Une mission de monitoring en trois phases
La Commission béninoise des droits de l’Homme (CBDH) a livré son appréciation du scrutin présidentiel du 12 avril 2026. À travers une mission de monitoring conduite en trois étapes, l’institution affirme avoir relevé plusieurs irrégularités dans le déroulement du vote.
Des violations constatées
Parmi les manquements signalés, la CBDH dénonce notamment la non-participation des détenus non condamnés, une situation qualifiée de violation de leurs droits civiques. Cette exclusion remet en cause le respect des principes fondamentaux de la démocratie et de l’égalité devant le suffrage.
Une déclaration officielle
La déclaration a été rendue publique le 16 avril 2026 par le professeur Aboubacar Imorou, en présence des commissaires de la CBDH. L’institution a insisté sur la nécessité de corriger les insuffisances constatées afin de garantir la crédibilité des processus électoraux à venir.

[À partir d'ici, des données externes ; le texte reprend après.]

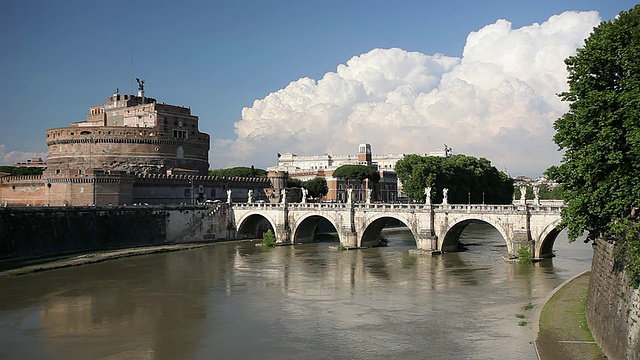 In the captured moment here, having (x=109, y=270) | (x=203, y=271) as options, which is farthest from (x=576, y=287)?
(x=109, y=270)

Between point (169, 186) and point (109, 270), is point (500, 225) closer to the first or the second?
point (109, 270)

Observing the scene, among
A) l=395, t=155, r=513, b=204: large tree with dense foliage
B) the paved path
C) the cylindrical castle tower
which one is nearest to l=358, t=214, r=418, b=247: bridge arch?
l=395, t=155, r=513, b=204: large tree with dense foliage

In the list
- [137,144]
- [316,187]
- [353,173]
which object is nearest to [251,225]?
[137,144]

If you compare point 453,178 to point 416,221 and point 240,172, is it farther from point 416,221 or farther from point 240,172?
point 240,172

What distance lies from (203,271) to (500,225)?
22.0m

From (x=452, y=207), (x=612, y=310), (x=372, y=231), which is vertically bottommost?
(x=612, y=310)

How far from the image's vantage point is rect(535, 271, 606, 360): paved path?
762 inches

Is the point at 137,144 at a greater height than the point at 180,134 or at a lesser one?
lesser

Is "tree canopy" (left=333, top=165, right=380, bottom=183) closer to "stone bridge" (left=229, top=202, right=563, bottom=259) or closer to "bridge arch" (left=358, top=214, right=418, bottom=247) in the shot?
"stone bridge" (left=229, top=202, right=563, bottom=259)

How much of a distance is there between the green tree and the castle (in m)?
14.8

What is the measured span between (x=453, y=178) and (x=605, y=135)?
58.3 metres

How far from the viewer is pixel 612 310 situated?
61.0 feet

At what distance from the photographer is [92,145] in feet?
256

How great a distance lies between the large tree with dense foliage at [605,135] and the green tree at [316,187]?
241 feet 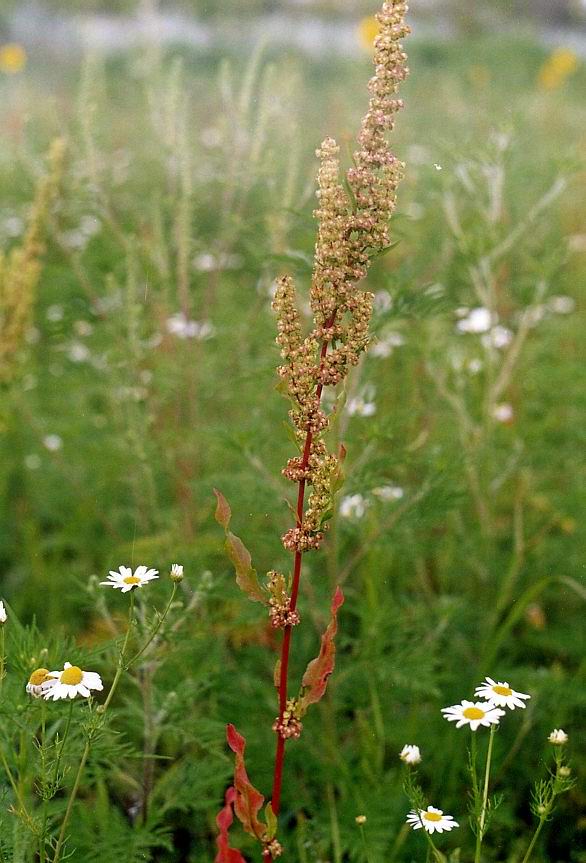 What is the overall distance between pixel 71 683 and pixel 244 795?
11.2 inches

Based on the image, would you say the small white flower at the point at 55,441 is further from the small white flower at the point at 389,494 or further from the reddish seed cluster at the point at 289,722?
the reddish seed cluster at the point at 289,722

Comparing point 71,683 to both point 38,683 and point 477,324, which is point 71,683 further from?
point 477,324

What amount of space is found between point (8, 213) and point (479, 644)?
12.9 ft

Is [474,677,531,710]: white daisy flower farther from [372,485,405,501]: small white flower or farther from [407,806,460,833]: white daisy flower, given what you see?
[372,485,405,501]: small white flower

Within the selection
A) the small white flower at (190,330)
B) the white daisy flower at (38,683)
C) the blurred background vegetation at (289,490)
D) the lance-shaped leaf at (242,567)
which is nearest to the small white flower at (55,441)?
the blurred background vegetation at (289,490)

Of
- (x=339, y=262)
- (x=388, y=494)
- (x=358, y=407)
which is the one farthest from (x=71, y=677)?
(x=388, y=494)

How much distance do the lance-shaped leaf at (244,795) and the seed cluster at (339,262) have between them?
27 cm

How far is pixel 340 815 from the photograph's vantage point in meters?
2.11

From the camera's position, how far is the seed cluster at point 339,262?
1.23 metres

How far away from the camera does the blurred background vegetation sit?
2123 millimetres

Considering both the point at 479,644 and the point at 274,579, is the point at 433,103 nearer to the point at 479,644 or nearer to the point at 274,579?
the point at 479,644

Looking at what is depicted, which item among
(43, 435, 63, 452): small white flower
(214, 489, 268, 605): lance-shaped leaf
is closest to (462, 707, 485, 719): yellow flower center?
(214, 489, 268, 605): lance-shaped leaf

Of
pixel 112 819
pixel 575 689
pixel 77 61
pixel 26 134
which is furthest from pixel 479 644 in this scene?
pixel 77 61

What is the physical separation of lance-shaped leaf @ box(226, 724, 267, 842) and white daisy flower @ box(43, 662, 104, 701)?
0.20m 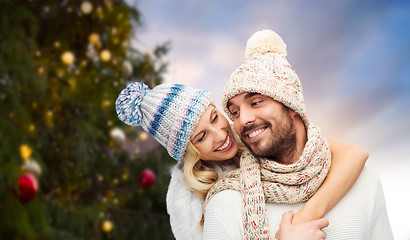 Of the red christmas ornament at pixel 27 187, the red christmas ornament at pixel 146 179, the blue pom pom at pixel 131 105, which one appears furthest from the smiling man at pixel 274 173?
the red christmas ornament at pixel 146 179

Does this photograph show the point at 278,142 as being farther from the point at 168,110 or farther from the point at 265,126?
the point at 168,110

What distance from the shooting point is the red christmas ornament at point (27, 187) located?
1.51m

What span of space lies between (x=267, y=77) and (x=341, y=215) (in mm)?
565

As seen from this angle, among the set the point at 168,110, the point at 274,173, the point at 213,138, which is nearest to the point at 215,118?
the point at 213,138

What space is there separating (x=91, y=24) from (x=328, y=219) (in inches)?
70.9

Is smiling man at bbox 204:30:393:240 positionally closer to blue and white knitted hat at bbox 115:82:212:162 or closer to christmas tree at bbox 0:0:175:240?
blue and white knitted hat at bbox 115:82:212:162

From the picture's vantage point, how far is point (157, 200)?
249 centimetres

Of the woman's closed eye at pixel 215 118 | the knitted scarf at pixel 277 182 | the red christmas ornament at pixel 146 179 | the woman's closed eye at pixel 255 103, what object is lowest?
the knitted scarf at pixel 277 182

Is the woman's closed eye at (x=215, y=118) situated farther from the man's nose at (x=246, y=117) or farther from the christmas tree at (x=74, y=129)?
the christmas tree at (x=74, y=129)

Des recommandations pour l’avenir
La Commission a formulé plusieurs recommandations destinées aux autorités compétentes. Elles visent à renforcer le respect des droits humains, à améliorer l’organisation des scrutins et à assurer une participation inclusive de tous les citoyens éligibles.
En mettant en lumière ces irrégularités, la CBDH rappelle son rôle de vigie institutionnelle dans la défense des droits fondamentaux. Son rapport souligne l’importance d’un processus électoral transparent et respectueux des libertés, condition indispensable au renforcement de la démocratie béninoise.